SEC Approves Amendments to Require Firms to Report Transactions in TRACE-Eligible Securities As Soon As Practicable
Trade Reporting and Compliance Engine (TRACE)
Referenced Rules & Notices
FINRA Rule 6710
FINRA Rule 6730
FINRA Rule 6750
The SEC approved amendments to the Trade Reporting and Compliance Engine (TRACE) rules to codify that firms are required to report transactions in TRACE-eligible securities that are subject to dissemination as soon as practicable following the time of execution of the transaction. The amendment will become effective on November 30, 2015.
The amended rule text is available in the online FINRA Manual.
Questions regarding this Notice should be directed to:
Background and Discussion
FINRA Rule 6730 (Transaction Reporting) sets forth the requirements that apply to firms when reporting transactions in TRACE-eligible securities.1 A firm that is a "party to a transaction"2 in a TRACE-eligible security generally is required to report the transaction within 15 minutes of the "time of execution,"3 unless a different time period for the security is specified in the rule, or the transaction report will be deemed "late." Paragraph (a)(4) of the rule further provides that firms have an ongoing obligation to report transaction information promptly, accurately and completely.4
The SEC approved amendments to Rule 6730 clarifying that firms must report transactions in TRACE-eligible securities that are subject to dissemination5 "as soon as practicable" following the time of execution. New Supplementary Material .03 provides additional guidance around the requirement that trades be reported as soon as practicable, specifically that firms must adopt policies and procedures reasonably designed to comply with the "as soon as practicable" requirement by implementing systems that commence the trade reporting process at the time of execution without delay. In addition, if a firm has such reasonably designed policies, procedures and systems in place, the firm generally will not be viewed as violating the "as soon as practicable" requirement because of delays in trade reporting that are due to extrinsic factors that are not reasonably predictable and where the firm does not purposely intend to delay the reporting of the trade. The new Supplementary Material .03 further states that in no event may a firm purposely withhold trade reports, e.g., by programming its systems to delay reporting until the end of the reporting time period.
In the case of manual trade reporting for TRACE-eligible securities, Supplementary Material .03 acknowledges that the trade reporting process may not be completed as quickly as an automated trade reporting system and that, in these cases, FINRA will take into consideration the manual nature of the firm's trade reporting process in determining whether the firm's policies and procedures are reasonably designed to report the trade "as soon as practicable" after execution.

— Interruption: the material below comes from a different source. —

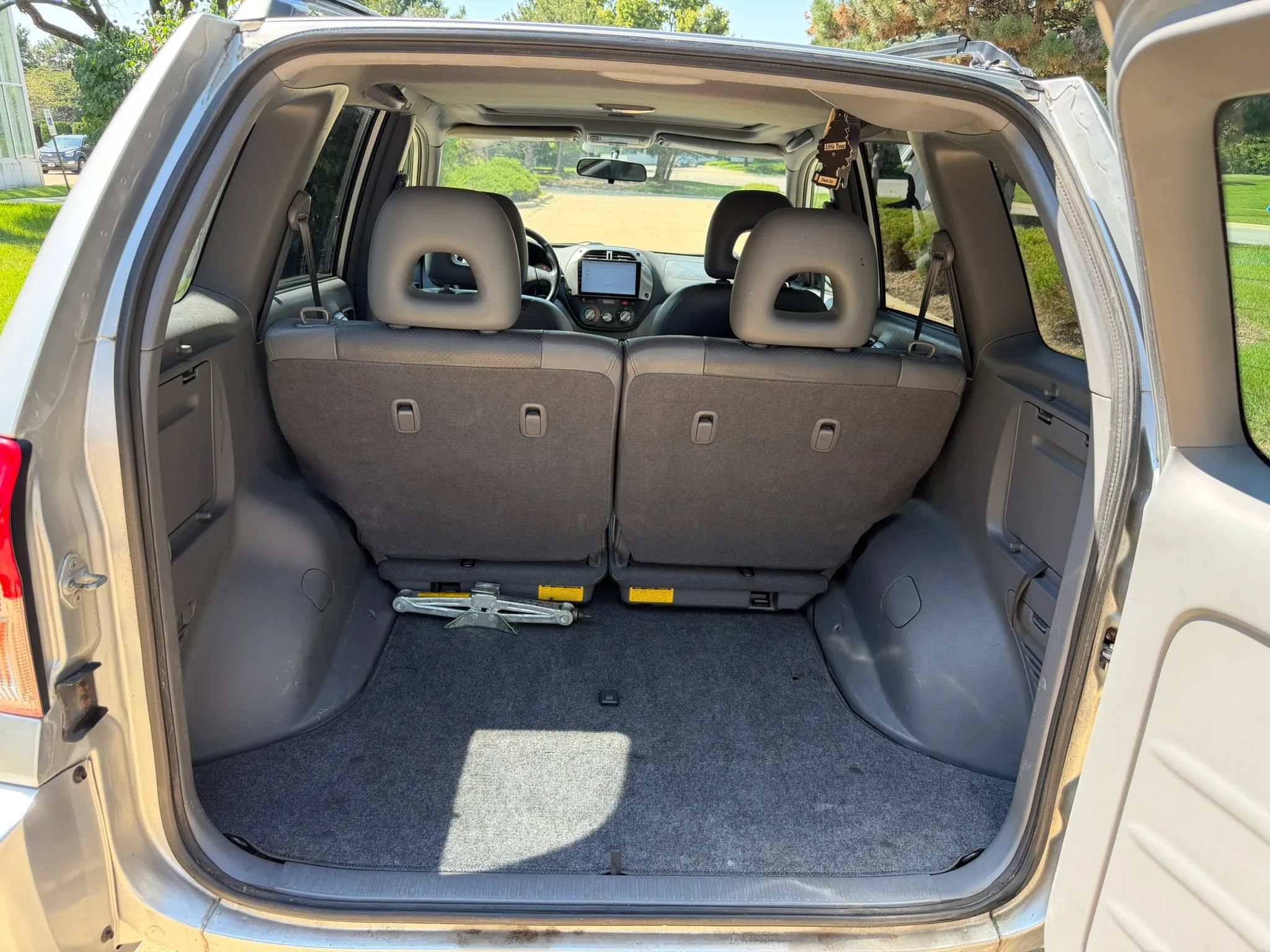 Used 2003 Toyota RAV4 4WD image 22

The effective date of these amendments is November 30, 2015.
1.Rule 6710 generally defines a "TRACE-eligible security" as: (1) a debt security that is U.S. dollar-denominated and issued by a U.S. or foreign private issuer (and, if a "restricted security" as defined in Securities Act Rule 144(a)(3), sold pursuant to Securities Act Rule 144A); or (2) a debt security that is U.S. dollar denominated and issued or guaranteed by an "Agency" as defined in Rule 6710(k) or a "Government-Sponsored Enterprise" as defined in Rule 6710(n).
2.Rule 6710(e) provides that a "party to a transaction" is an introducing broker-dealer, if any, an executing broker-dealer, or a customer. "Customer" includes a broker-dealer that is not a FINRA member.

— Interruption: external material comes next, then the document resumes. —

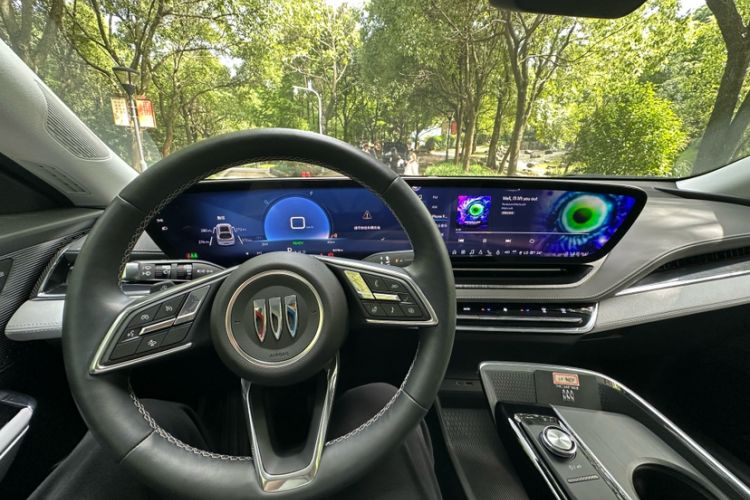Used Buick E5 2023 Zhenxiang Standard Range Edition Interior 2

3. Among other things, Rule 6710(d) provides that the "time of execution" for a transaction in a TRACE-eligible security means the time when the parties to a transaction agree to all of the terms of the transaction that are sufficient to calculate the dollar price of the trade.
4. Firms may employ an agent for the purpose of submitting transaction information. However, the primary responsibility for the timely, accurate and complete reporting of transaction information remains the non-delegable duty of the firm obligated to report the transaction.
5. FINRA Rule 6750 (Dissemination of Transaction Information) provides that FINRA will disseminate information on all transactions in TRACE-eligible securities, including transactions effected pursuant to Securities Act Rule 144A, immediately upon receipt of the transaction report, except as specified in Rule 6750(b).